__About this task__. Return, exactly as written, the line containing "Botella de vino" and every line after it to the end of the records below, with no pictures.

Web page caption snippets

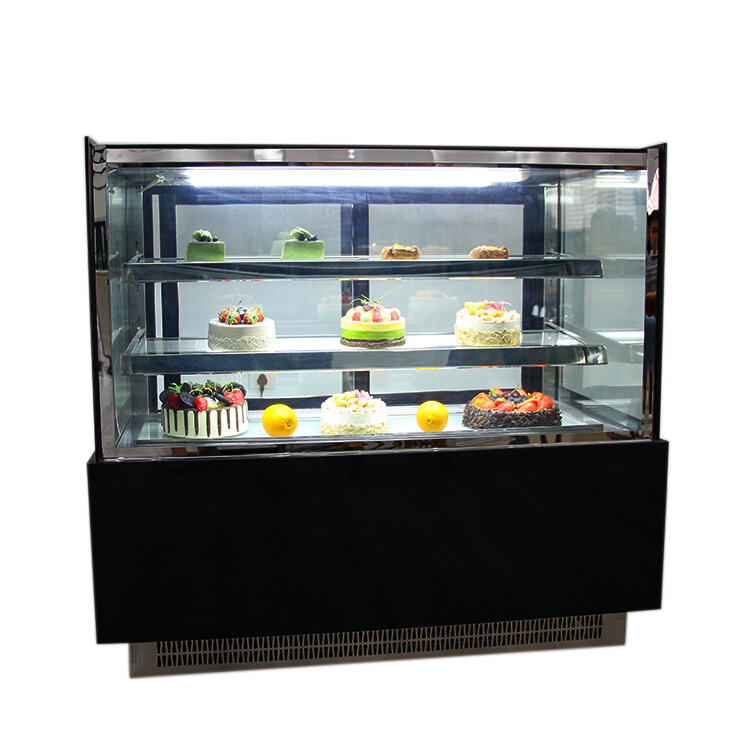 Novo estilo de vidro porta bolo sobremesa exibição refrigerado fresco-mantendo armário congelador vertical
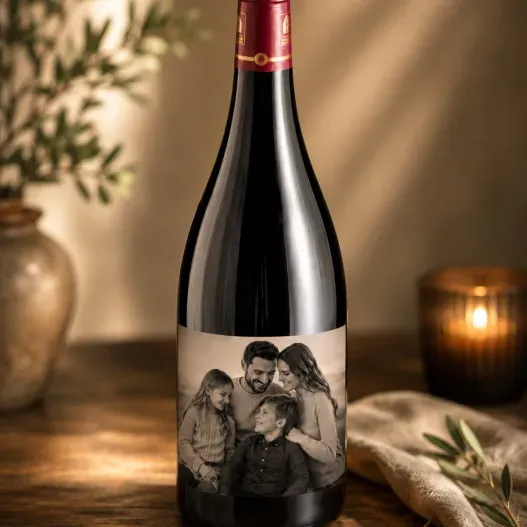 Botella de vino personalizada con foto (Vista secundaria)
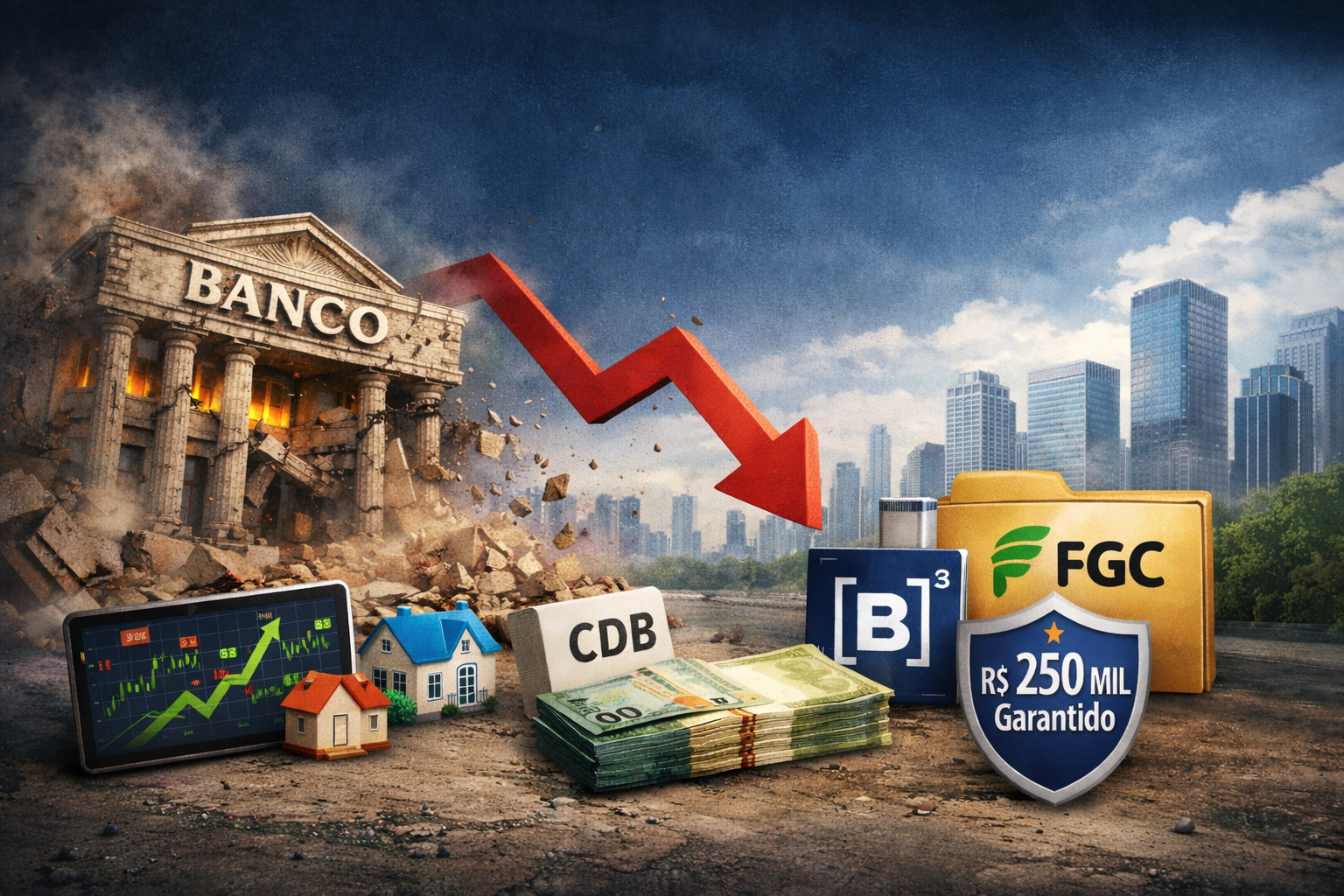 Se um banco quebrar, você perde seus investimentos? Entenda o que acontece com ações, FIIs, CDB e outros ativos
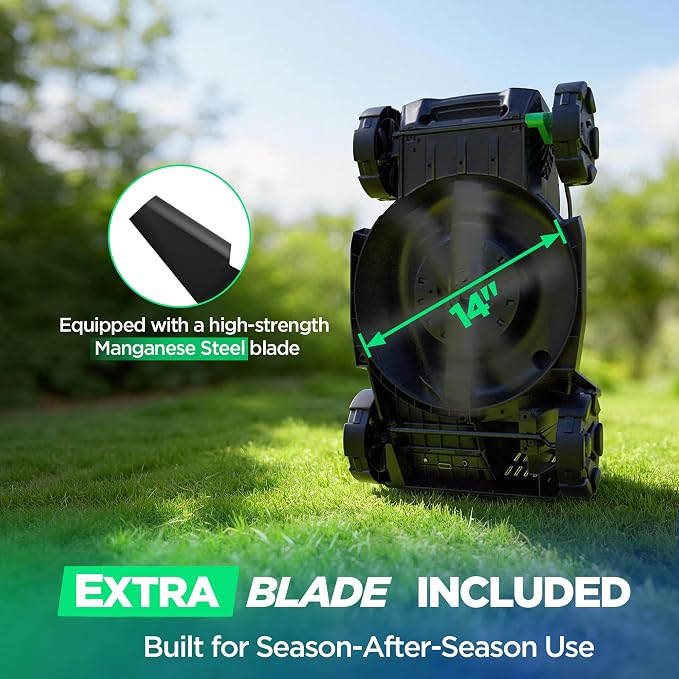 14" Cordless Lawn Mower, 20V Lightweight Push Mower with 8.0Ah Battery, Ultra-Quiet Motor for Small Yards, Lawn Care, Backyard Maintenance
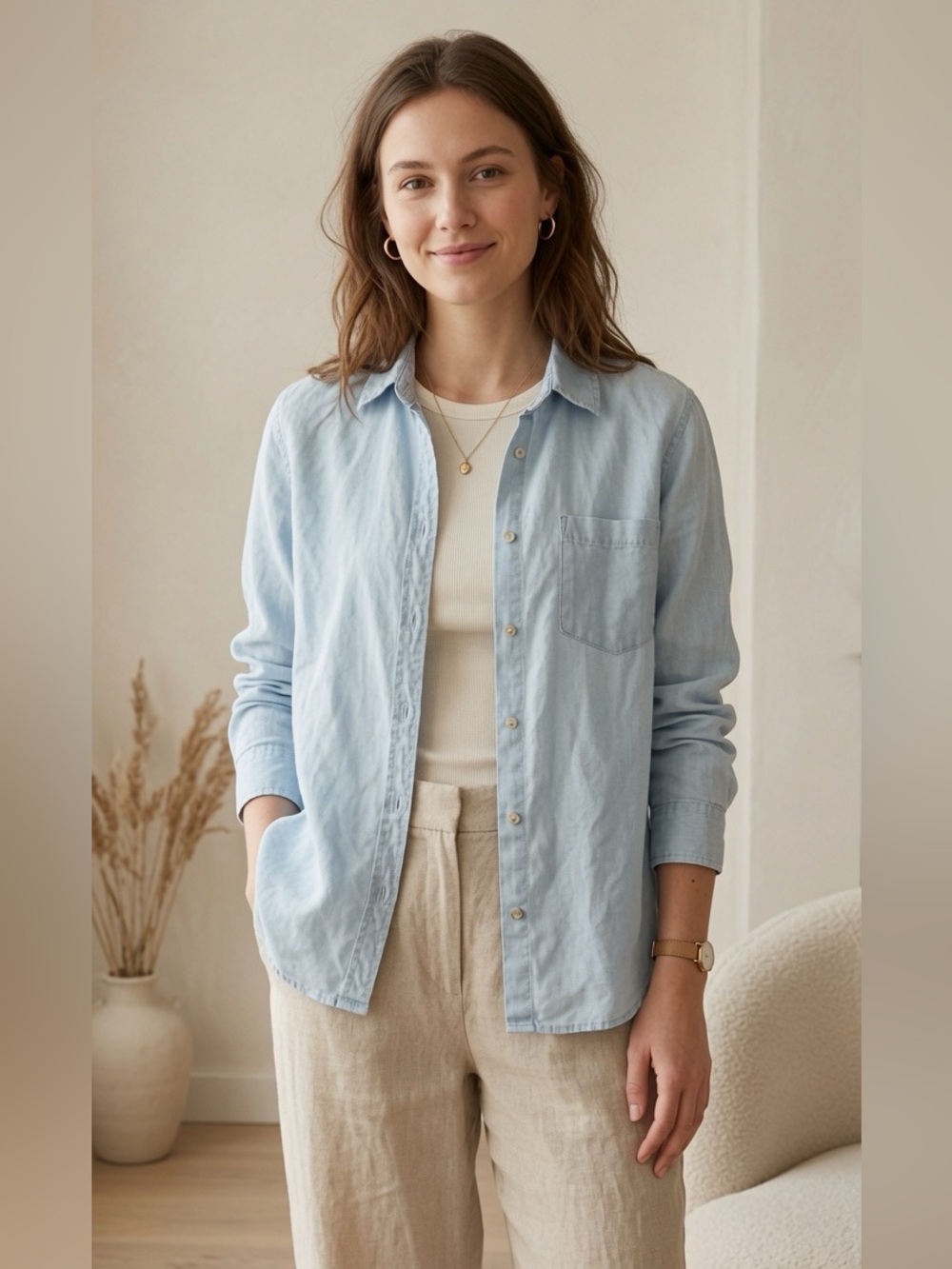 American Eagle Light Blue Button-Down Shirt Size M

__Result of this exercise__.
 Botella de vino personalizada con foto (Vista secundaria)
 Se um banco quebrar, você perde seus investimentos? Entenda o que acontece com ações, FIIs, CDB e outros ativos
 14" Cordless Lawn Mower, 20V Lightweight Push Mower with 8.0Ah Battery, Ultra-Quiet Motor for Small Yards, Lawn Care, Backyard Maintenance
 American Eagle Light Blue Button-Down Shirt Size M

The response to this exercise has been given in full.